MSAP is a modified form of the AFLP technique to study polymorphism of methylated cytosine along the genome [29]. In the original AFLP method, genomic DNA is digested with a rare cutter EcoRI and a frequent cutter MseI. The frequent cutter enzyme is then substituted with methylation sensitive isoschizomers restriction enzyme (i.e., HpaII or MspI) in MSAP and keep the EcoRI. Methylation at cytosine can occur either in a single strand (hemi methylated) or both strands (fully methylated) of DNA and at the external or internal cytosine site [30]. HpaII and MspI recognize and digest the unmethylated 5’-CCGG-3’ sequence but show different digestion abilities when methylation occurs at one or multiple cytosines (Table 1). The HpaII will digest at site where the external cytosine is hemi methylated (5’-^hmCCGG-3’) but will not if the external cytosine or both cytosines is fully methylated (5’-^mCCGG-3’ or 5’-^mC^mCGG-3’); whereas MspI will digest if the internal cytosine is fully or hemi methylated (5’-C^mCGG-3’) but will not if the external cytosine is fully or hemi methylated (5’-^mCCGG-3’ or 5’-^hmCCGG-3’). Both HpaII and MspI will not digest when the external or both cytosines are fully methylated (5’-^mCCGG-3’ or 5’-^mC^mCGG-3’ or 5’-^hmC^hmCGG-3’), and therefore these two methylation states cannot be distinguished by the MSAP technique [31].

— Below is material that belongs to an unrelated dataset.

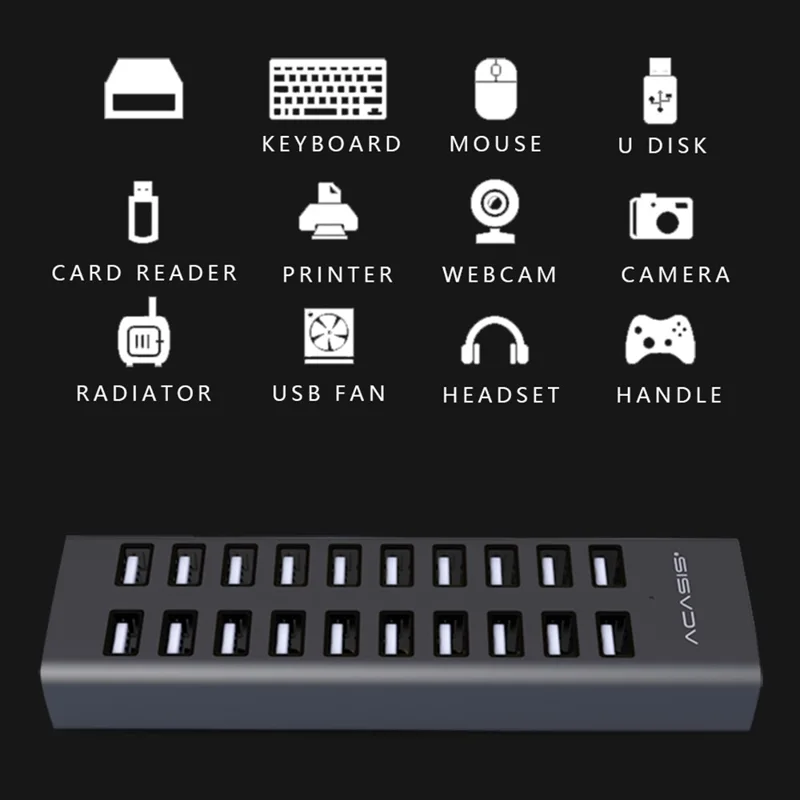 ACASIS H037 USB2.0 Hub Multi-Function Extended 20-Port Hub Adapter with Power Supply Port - UK Plug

Generally, DNA methylation analysis using the MSAP approach consists of 6 main steps (Fig.1). The analysis begins with genomic DNA extraction from tissue of interest (Fig.1, step 1). Next, two simultaneous restriction digestion is performed in the MSAP method, i.e. digestion of extracted genomic DNA with EcoRI and HpaII (methylation sensitive) and EcoRI and MspI (methylation insensitive) restriction enzyme pairs (Fig.1, step 2). The digestion will result in DNA fragments with different digestion ends (5’-AAT-3’ and 5’-CG-3’ overhang) and fragment lengths (EcoRI-MspI digestion is relatively longer compared to EcoRI-HpaII) [32]. Following enzymatic digestion, specific adapters designed to match with each cleavage end are ligated (Fig.1, step 3) and subsequently amplified by polymerase chain reaction (PCR) (Fig.1, step 4). Two consecutive PCR are usually performed in MSAP analysis, pre- and selective amplification. The pre-selective step amplifies the initial digested fragment using primer pairs that anneal each adapter sequence. The product of pre-selective amplification is then used as a template for selective amplification. At this step, the initial amplified fragments are further filtered/selected by PCR using primer pairs with additional selective nucleotide. The selective nucleotides are added at the 3’-end of the pre-selective primer pairs. Lastly, the selectively amplified fragments are visualized by electrophoresis or genetic analyzer instrument (Fig.1, step 5). Methylation events can then be identified by interpreting the visual pattern of amplified fragments (Fig.1, step 6). When two or more samples are compared, for example control and treated plants, pattern of the resulting amplified fragments will allow identification of differentially methylated regions (DMRs) among tested DNA.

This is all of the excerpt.